If you take a piece of shiny metal and rub it with sandpaper you can no longer see an image in it. Why is this?
The shiny metal has a smooth surface and rays of light, which reach it from an object, are all reflected in the same direction and seem to be coming from an image in the metal. When you rub sandpaper on the metal, the surface is made rougher. The rays of light, which strike the surface now from an object, are reflected in all directions. They do not seem to appear to come from an image and so no reflection is seen in the surface.

Some yellow jackets worn by the police or by people working on the roads reflect light. How do they do it?
The reflecting materials have a layer of tiny glass beads in them. When light strikes the beads it is scattered inside the material then reflected back to make the jackets shine.

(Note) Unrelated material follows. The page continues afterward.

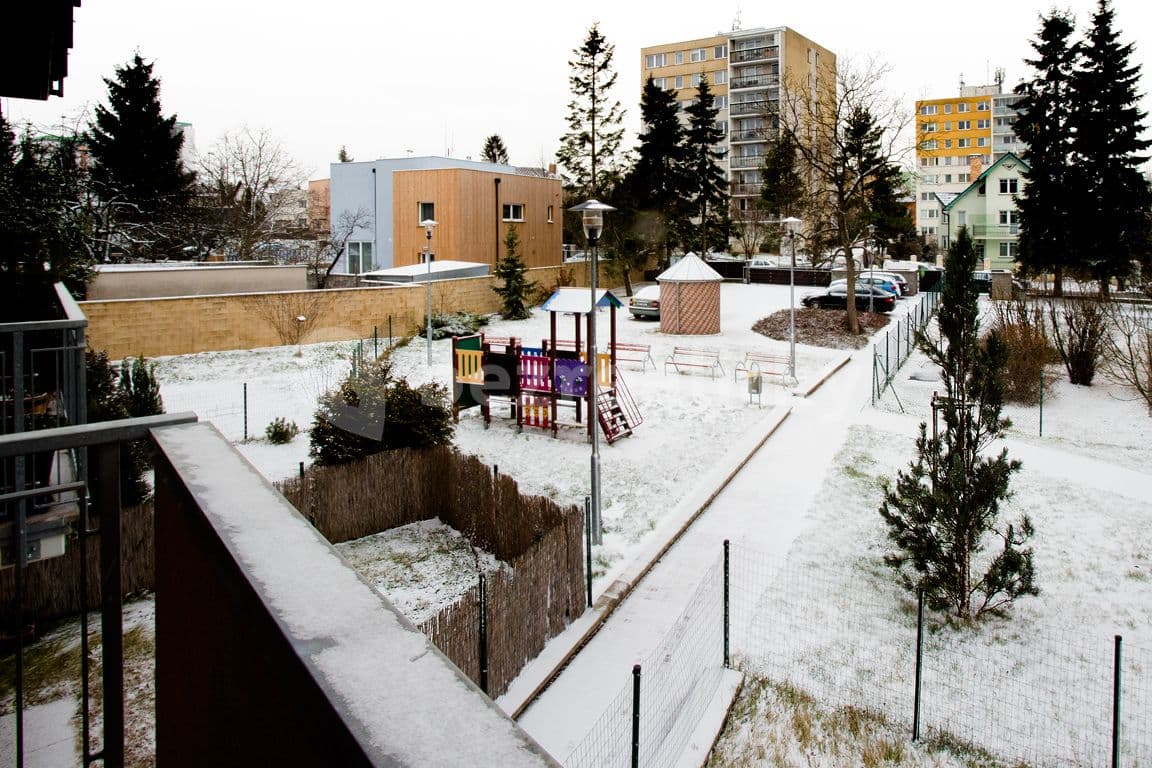 Prenájom bytu 1-izbový 35 m², Štúrova, Praha, Praha Prenájom bytu 1-izbový 35 m², Štúrova, Praha, Praha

How do reflectors on cars and bicycles work?
The reflectors have surfaces set at a certain angle. When light strikes them from the headlamp of a following vehicle, the light is reflected up to that driver so the reflector can be easily seen.

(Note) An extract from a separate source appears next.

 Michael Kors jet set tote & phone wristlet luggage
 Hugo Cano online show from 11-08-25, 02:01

How does a glass prism split up light?
A ray of light is made from a mixture of light of different colours. All light travels as waves of energy. You can think of them as moving like the waves called ripples, which move across a puddle when you tap its edge. One property of a wave is its wavelength. This is the distance between two wave crests. The different colours of light have wavelengths of different lengths. Red light has the longest wavelength and violet has the shortest. When the light is travelling through air all the different coloured light waves move along at the same speed. However, when light passes through a prism, it slows down. When light is slowed down like this, its path is bent. This process of bending is called refraction. Light with longer wavelengths is refracted more than light with shorter wavelengths. This means that as the different coloured light waves have different wavelengths, they are refracted by different amounts so that when they leave the prism they have become separate and make a spectrum of seven colours.

How is a rainbow made?
You can sometimes see a rainbow if you stand with your back to the Sun when it is raining. You can also see a rainbow in water coming from a hose or fountain if you have your back to the Sun. When the sunlight passes you and enters the drops of water it is refracted. This makes the seven colours of light pass through the raindrop and strike the other side. When this happens, the light is reflected though the water drop to near where the light entered. As the seven colours of light pass out of the water drop they are reflected again. These processes of refraction and reflection, occurring in millions of raindrops at the same time, produce the colours you see in a rainbow.

Why is the sky blue?
All the colours of light travel together across space from the Sun until they reach the Earth's atmosphere. The Earth's atmosphere is made up of billions of particles of different gases. When the rays of white light reach the atmosphere the blue light is scattered by the particles in the atmosphere and this makes the sky seem blue.

Why does the Sun change colour when it is near the horizon?
The horizon is the place in the distance where the sky meets the surface of the Earth. When the Sun is high in the sky, it shines with a white yellow light. Remember you must NEVER look directly at the Sun, as it will damage your eyes. When the Sun is low in the sky, near the horizon, it shines with a red orange light. This difference is due to the atmosphere. In addition to gas particles the atmosphere also contains huge numbers of dust and smoke particles. These also scatter light. When the Sun is overhead, it shines directly down through the atmosphere but when it is on the horizon it shines through the atmosphere at an angle. This makes the light shine through more of the atmosphere and more light is scattered by the dirt and smoke so that only red and orange light are left to shine directly through and give the Sun its colour.